Cezary Tomczyk: „Kaczyński chce zmiany premiera”. Poznaliśmy możliwe kandydatury

wPunkt
Cezary Tomczyk: „Kaczyński chce zmiany premiera”. Poznaliśmy możliwe kandydatury

Zapytany przez Grzegorza Kępkę, czy Mateusz Morawiecki może w najbliższym czasie stracić piastowane stanowisko, Tomczyk odpowiedział: „takie plotki na korytarzach sejmowych słyszymy od wielu miesięcy”.

„Jarosław Kaczyński myśli o zmianie premiera, żeby zmienić zderzak, który się już zużył” – mówił na antenie Polsat News przewodniczący klubu parlamentarnego Platformy Obywatelskiej Cezary Tomczyk. Według niego, dni Mateusza Morawieckiego jako premiera są już policzone.

Poseł Tomczyk w programie „Graffiti” komentował słowa Jarosława Kaczyńskiego, który w wywiadzie dla telewizji „wPolsce.pl” w samych superlatywach wypowiadał się, między innymi, na temat przejęcia grupy Polska Press przez PKN Orlen. Prezes PiS chwalił decyzję o przejęciu grupy, nazywając ją „jedną z najlepszych wiadomości, jakie ostatnio usłyszał”.

Jeżeli będziemy szli dalej tą drogą, która została rozpoczęta dzięki decyzjom prezesa (PKN Orlen Daniela) Obajtka, to będziemy szli ku temu, by tę sytuację uzdrowić, bo to jest sytuacja fatalna w sensie narodowym” – mówił wówczas Jarosław Kaczyński.

Według Cezarego Tomczyka, „Obajtek to człowiek, który w przeszłości miał akt oskarżenia za korupcję„. „Sprawę opisał „Dziennik Łódzki”, który pan Obajtek dzisiaj kupił. Trzeba zadać pytanie, czy „Dziennik Łódzki” będzie mógł napisać w przyszłości taki tekst. Likwiduje się wolne media, a człowiek, który je likwiduje i kupuje je dla koncernu paliwowego, jest według Kaczyńskiego gwiazdą” – oceniał Tomczyk w programie Polsat News. 

Zapytany przez Grzegorza Kępkę, czy Mateusz Morawiecki może w najbliższym czasie stracić piastowane stanowisko, Tomczyk odpowiedział: „takie plotki na korytarzach sejmowych słyszymy od wielu miesięcy„.
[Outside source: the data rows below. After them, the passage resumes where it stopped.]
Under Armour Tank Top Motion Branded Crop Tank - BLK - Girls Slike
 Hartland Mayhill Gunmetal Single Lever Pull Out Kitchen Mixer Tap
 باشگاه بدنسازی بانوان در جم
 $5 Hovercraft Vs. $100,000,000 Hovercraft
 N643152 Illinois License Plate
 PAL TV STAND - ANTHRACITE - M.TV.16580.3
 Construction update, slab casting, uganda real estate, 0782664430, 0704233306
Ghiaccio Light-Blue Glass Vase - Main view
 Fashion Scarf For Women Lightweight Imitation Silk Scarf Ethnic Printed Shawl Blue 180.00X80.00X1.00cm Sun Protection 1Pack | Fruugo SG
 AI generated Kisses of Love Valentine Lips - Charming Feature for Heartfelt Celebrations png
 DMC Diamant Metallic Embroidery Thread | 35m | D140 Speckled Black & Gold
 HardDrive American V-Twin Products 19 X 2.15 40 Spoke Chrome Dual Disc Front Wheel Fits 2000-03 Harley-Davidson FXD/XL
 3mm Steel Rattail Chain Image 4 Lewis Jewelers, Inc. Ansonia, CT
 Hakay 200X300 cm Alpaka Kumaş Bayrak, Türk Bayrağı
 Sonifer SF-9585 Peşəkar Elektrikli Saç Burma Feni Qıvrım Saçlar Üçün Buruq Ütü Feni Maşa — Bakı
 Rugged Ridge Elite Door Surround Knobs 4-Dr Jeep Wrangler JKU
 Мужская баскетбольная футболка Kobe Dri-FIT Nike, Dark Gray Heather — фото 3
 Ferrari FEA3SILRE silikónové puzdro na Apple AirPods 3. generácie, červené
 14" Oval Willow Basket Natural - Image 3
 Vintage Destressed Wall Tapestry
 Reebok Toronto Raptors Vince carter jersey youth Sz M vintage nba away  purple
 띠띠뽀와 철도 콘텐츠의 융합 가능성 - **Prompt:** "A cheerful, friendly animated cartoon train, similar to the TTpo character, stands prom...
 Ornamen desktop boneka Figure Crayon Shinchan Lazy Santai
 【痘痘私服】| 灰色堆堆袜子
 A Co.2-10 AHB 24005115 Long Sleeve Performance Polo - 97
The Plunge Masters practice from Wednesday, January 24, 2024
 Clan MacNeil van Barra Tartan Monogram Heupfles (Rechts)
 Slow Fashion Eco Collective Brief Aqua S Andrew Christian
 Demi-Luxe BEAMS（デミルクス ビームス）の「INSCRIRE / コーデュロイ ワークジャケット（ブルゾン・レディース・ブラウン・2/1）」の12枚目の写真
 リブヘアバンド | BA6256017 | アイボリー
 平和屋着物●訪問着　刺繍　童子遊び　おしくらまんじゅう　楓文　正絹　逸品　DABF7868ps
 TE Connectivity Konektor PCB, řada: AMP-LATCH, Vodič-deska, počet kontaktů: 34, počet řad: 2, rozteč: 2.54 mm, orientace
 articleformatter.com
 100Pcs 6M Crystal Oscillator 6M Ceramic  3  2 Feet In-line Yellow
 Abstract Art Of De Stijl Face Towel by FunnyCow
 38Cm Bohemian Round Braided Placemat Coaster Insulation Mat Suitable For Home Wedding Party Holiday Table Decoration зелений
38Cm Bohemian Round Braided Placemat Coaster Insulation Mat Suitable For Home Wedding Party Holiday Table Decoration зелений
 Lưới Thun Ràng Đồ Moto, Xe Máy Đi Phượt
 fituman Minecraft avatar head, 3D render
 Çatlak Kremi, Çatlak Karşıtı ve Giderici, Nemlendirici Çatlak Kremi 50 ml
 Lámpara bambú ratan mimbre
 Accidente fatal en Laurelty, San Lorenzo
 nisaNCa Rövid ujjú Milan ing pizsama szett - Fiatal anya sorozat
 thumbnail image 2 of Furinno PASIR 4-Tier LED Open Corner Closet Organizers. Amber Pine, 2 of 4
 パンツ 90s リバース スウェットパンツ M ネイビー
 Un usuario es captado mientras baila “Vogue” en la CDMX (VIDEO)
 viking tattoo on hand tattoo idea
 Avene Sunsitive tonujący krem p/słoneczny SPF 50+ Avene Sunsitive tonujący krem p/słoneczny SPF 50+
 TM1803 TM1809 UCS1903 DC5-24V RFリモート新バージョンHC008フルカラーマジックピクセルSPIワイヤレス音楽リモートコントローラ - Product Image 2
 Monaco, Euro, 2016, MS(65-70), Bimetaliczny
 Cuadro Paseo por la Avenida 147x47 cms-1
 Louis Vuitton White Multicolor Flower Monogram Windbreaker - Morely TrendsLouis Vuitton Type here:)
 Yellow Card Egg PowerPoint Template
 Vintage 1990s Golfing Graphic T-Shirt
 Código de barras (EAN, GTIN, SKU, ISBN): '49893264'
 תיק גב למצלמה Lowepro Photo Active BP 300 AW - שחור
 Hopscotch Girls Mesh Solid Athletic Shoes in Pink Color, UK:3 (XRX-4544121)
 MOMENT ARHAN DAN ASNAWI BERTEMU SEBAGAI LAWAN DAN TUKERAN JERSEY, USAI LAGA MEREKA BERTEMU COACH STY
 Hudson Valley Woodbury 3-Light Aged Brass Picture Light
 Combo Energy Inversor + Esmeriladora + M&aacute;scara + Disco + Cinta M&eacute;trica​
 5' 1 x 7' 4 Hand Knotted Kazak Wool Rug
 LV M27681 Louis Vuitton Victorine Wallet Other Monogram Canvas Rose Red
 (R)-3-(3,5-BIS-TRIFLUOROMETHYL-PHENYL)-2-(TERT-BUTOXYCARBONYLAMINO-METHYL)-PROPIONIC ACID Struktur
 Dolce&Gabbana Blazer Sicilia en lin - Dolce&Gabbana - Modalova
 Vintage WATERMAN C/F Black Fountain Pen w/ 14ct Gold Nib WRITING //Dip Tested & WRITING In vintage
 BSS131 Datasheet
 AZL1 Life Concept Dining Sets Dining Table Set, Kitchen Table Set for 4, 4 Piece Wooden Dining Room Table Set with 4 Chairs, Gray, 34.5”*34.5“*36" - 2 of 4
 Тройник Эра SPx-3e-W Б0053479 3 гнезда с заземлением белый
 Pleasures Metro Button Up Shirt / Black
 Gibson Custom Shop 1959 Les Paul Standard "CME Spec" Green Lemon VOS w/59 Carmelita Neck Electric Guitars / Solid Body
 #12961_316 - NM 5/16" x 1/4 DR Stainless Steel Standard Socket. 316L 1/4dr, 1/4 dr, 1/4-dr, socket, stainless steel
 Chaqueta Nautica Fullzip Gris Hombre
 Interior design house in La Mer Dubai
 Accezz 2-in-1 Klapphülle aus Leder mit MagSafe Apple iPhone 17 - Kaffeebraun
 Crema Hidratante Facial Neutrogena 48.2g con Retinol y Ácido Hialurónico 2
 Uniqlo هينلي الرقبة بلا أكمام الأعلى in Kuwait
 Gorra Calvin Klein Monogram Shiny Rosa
„Mówi się, że Morawieckiego może zastąpić Obajtek albo Mariusz Błaszczak. To wybór między czymś złym, a czymś złym, jeśli chodzi o prowadzenie polskiego państwa”

– zaznaczył Tomczyk.

Ważne, żebyśmy nie wpadli w pewną pułapkę. Kaczyńskiemu i PiS-owi nie chodzi o to, żeby to były polskie media, tylko PiS-owskie. To zasadnicza różnica. Bardzo rzadko te dwa interesy idą ze sobą w parze. Czy musimy sprawdzać, jak będą wyglądać media pod wodzą PiS-u? Wystarczy spojrzeć na TVP” – dodawał polityk Platformy.